A Theology of Race and Place. Andrew Thomas Draper
utilize classically Western theologians (e.g. Augustine, Aquinas). Carter finds Eastern theological anthropology to suggest a more dynamic conception of being than that of the Latin West. Carter proposes to “inhabit” the “aesthetic theory of iconic beauty” which Raboteau offers.84 While he will offer black flesh as an icon of the divine, Carter will not be content with static identity but will construct an ecstatic aesthetic akin to that of Raboteau, who ends A Fire in the Bones by positing the “hidden wholeness” of the shared contemplative action of Thomas Merton and Martin Luther King Jr.85
Raboteau’s Historiographic Method
Raboteau opens his text by relating a story of his childhood travels to Europe as part of a parish boys’ choir. While his presence as a black chorister elicited all sorts of responses, including that of curiosity, the episode that most poignantly remains in his memory is that of being asked by a French monsignor to sing for them a “Negro spiritual” which, it was claimed, “we love.”86 This moment encapsulates for Raboteau the bewildering mix of thoughts and feelings he has experienced over the ensuing years surrounding the “complex relationship of race, religion, and national identity.” He recognizes the somewhat paradoxical nature of his task as he offers his text as a “response to that French priest’s invitation to sing ‘one of your people’s spirituals’.”87 Raboteau implies a similarity between offering a scholarly work on race and singing for a European church leader. As he relates, “I also felt a vague unease about exhibiting something of my people for the enjoyment of white folks.”88 While the implication is that his work may be received in this fashion, Raboteau finds the experience of aesthetic mutuality worth the risk of misrepresentation. This position of vulnerability and its overture toward human connection moves beyond mere prosopopoeia and is methodologically akin to Carter’s thesis.
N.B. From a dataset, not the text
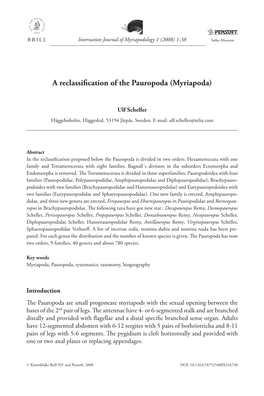 A Reclassification of the Pauropoda (Myriapoda)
While Carter’s posture is a bit more guarded, he nonetheless makes clear this dimension of his work by envisioning a scandalous miscegenation between peoples in which each learns the tongue of another and receives her own being back from another in a process of mutual renaming.
Like Raboteau, Carter recognizes what he terms the “veritable conundrum of the black intellectual in modernity.”89 The postures of both Carter and Raboteau suggest that scholars of all people groups should experience humble awe at the complexity of the task of reflecting upon identity. This complexity is that which whiteness has attempted to iron out through colonial reorderings and the modern descriptive method. While religious studies has posited a relativist objectivity, Raboteau’s posture demonstrates the possibility of an inter-human mutuality. While Carter is cautious as to the deployment of said mutuality given what he identifies as the racial legacy of coloniality-modernity, he nonetheless shares the same hope. We will see that this possibility is available only to lesser degrees in the works of Cone and Long.
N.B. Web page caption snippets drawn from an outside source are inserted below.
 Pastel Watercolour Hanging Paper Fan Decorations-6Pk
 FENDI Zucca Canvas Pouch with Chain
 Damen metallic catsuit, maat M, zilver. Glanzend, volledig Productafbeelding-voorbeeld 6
The first two essays in A Fire in the Bones render apparent the ways in which Raboteau’s iconography of history will be important for Carter. Raboteau overtly offers more than a simple historiographic enumeration of causal relationships.
History, simply put, consists in telling stories about the ways that people lived in the past. Historians, as distinct from chroniclers, construct narratives that try to reveal the meaning of past events. Narration is of course already an act of interpretation. Events do not speak for themselves. In this very fundamental sense, history is based upon an act of faith, the faith that events are susceptible of meanings that can be described in narration.90
By recognizing that “Christian faith also asserts that the events of human experience have meaning, a coherent pattern, a telos,” and by finding “the source of that meaning . . . in the will and providence of God,” Raboteau holds in tension what he identifies as “the dialectical relationship” between “faith and the academic life.”91 Carter suggests the Incarnation as the cohesive structure in which Raboteau’s dialectic could find synthesis. Raboteau maintains that “[t]he historian as historian” must remain “agnostic about such claims [of narrative meanings in history],” while as a “believer” he “cannot but hope that our history is touched by the providence of God.”92 The quest for “objectivity” in the historiographic enterprise discourages Raboteau from more fully developing his iconographic theology of history.
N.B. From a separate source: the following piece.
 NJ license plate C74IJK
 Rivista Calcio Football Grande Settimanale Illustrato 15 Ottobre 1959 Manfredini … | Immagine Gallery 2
Yet it is clear that Raboteau is moving in the latter direction. He utilizes a picture of former slave children “praying their ABCs” at a funeral as an “emblem” of the religious struggle for freedom through education.93 It is Raboteau’s use of “emblem” that Carter takes to be a vision of a material world imbued with iconographic Christian meaning. Because Carter finds the dialecticism of Raboteau’s discipline to limit the analytical power of his history, Carter extends Raboteau’s analysis into his own theology of race. Carter maintains that Raboteau is heading toward “an incarnational understanding of faith and history” while still “continu[uing] to hold onto” a “dialecticism of faith and history.”94 Carter eschews dialectical tension through a Maximian account of the Incarnation, in which the world is inhabited as an “ensouled” reality by means of the hypostasis of “Jesus in his Jewish humanity.”95 As Carter explains,
when Maximus says that “through the mutual exchange of what is related . . . the names and properties of those that have been united through love [are fitted] to each other,” he is indicating that the same gesture of incarnation that fits divinity to humanity and humanity to divinity so that they can take on each other’s names, also refits human beings to one another so that they, too, can be named from one another. The latter intrarenaming of the human (and the history it opens) occurs inside of the interrenaming of the human that has taken place in Christ and that Maximus speaks about with recourse to the communicatio idiomatum of Chalcedon.96
For Carter, the theology of history that is opened in the Incarnation signals the death of dialectic. This is important for Carter because he contends that race functions precisely within the sort of Hegelian dialectic that is the posture of the modern academy. If thesis and antithesis must be had for synthesis to be achieved, then both whiteness and blackness as such are necessary for mutuality to occur. However, if, as Carter describes, being itself is not static but is translucent in an iconographic sense, then racial essentialization is not a necessary component of a proper relationality. Whiteness can no longer unilaterally name the other but must receive its own being in a mutual interrenaming of humanity within the space of the Incarnation. It is in this non-reified, ecstatic sense that Carter offers black identity as an icon of the divine.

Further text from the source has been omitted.